En deux jours, nous atteignîmes Astrabad par une route lamentable. Le soleil se couchait; nous entrâmes en ville par un passage également dépourvu de porte et de garde, et le premier être que nous aperçûmes fut un chacal. Nous finîmes par trouver un homme dans les rues abandonnées, et il nous guida fort aimablement jusqu'à la maison de Mirza Taki, l'agent britannique, où nous eûmes la grande satisfaction de pouvoir endosser des vêtements secs. La combinaison de l'humidité et du froid est très désagréable, pour ne pas dire dangereuse, plus encore en Orient qu'ailleurs, et je me sentais heureux d'avoir passé sans malaise la zone de la fièvre et d'avoir atteint une des plus fameuses cités de la Perse.

LES FEMMES PERSANES S'ENVELOPPENT LA TÊTE ET LE CORPS D'AMPLES ÉTOFFES.—D'APRÈS UNE PHOTOGRAPHIE.

Astrabad, surnommée, dans le style hyperbolique de l'Orient, Dar-ul-Muminin, ou «Demeure des Fidèles», n'est pas, autant que nous pouvons le savoir, une ancienne ville, bien que, d'après la légende, elle ait été fondée par Nochirevan, avec l'argent donné par Azad Mahan, gouverneur des Keronan. Son intérêt pour les Anglais vient surtout de la tentative malheureuse qu'on fit, au XVIIIe siècle, pour y ouvrir un trafic anglo-persan.

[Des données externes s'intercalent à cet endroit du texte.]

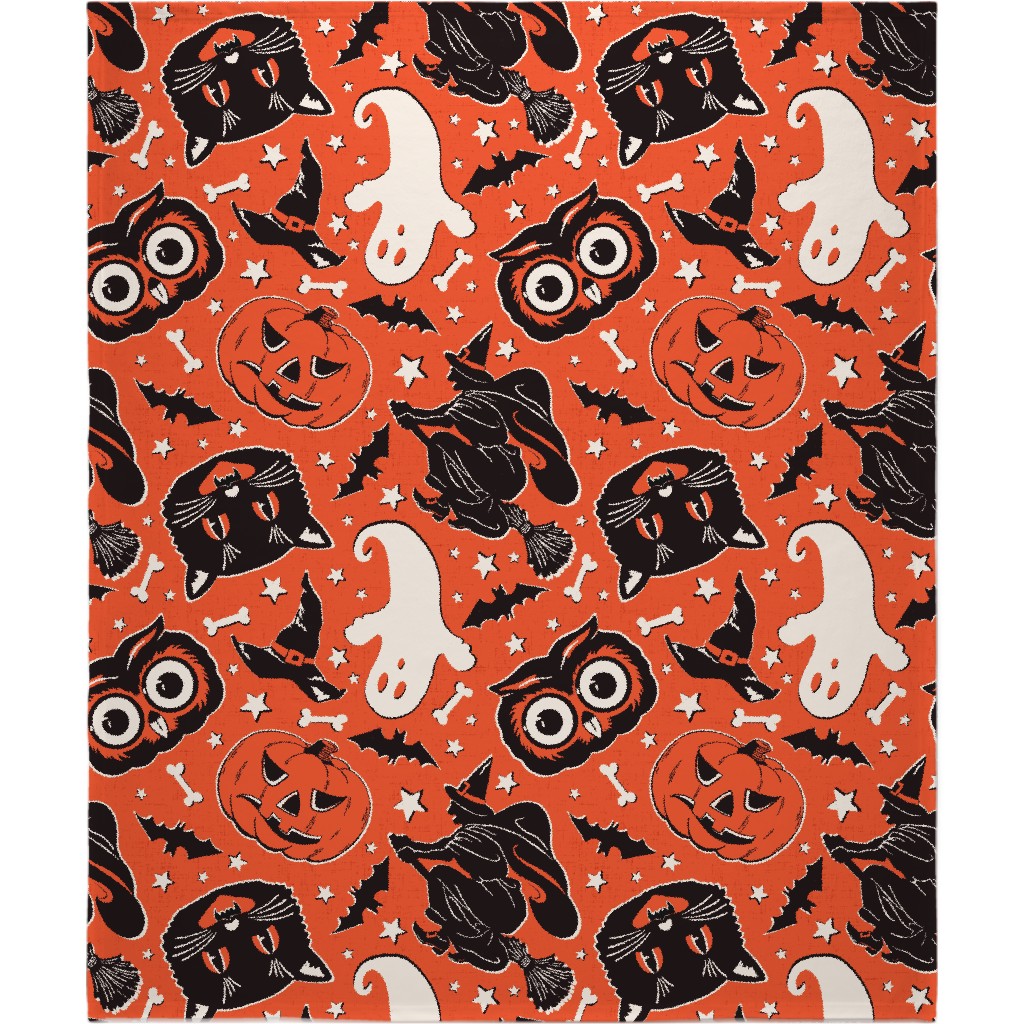 Vintage Halloween - Orange Blanket, Sherpa, 50x60, Orange, Orange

Au commencement du IXe siècle, on s'était beaucoup exagéré l'importance d'Astrabad. Napoléon et le tsar Paul avaient formé un projet d'invasion de l'empire des Indes par cette route. Il fut repris par la Russie durant la guerre de Crimée, mais à l'une et l'autre période, l'exécution en aurait presque infailliblement abouti à un désastre. Aujourd'hui le chemin de fer Transcaspien a enlevé à la ville toute l'importance qu'elle a pu avoir, quoique dans le cas d'une attaque de la Perse par le nord, la capture de Chahroud faite par la voie d'Astrabad séparerait Mechhed de la capitale.

Astrabad remplit peut-être une moitié de sa superficie primitive, et l'on me dit que sa population ne dépasse pas dix mille habitants. La plupart des rues ont été pavées, probablement par Chah Abbas, et les maisons sont construites en briques ou en pierre, avec des toits de toiles rouges ou de chaume, dont l'aspect est gai, même en hiver; au printemps, comme les crêtes des murs sont plantées de fleurs, l'effet doit être très joli. La ville fabrique du savon en grande quantité. La potasse est extraite d'une plante curieuse qui croît sur les bords de la rivière. Enfin on fabrique aussi de la poudre. Ce sont là toutes les industries locales.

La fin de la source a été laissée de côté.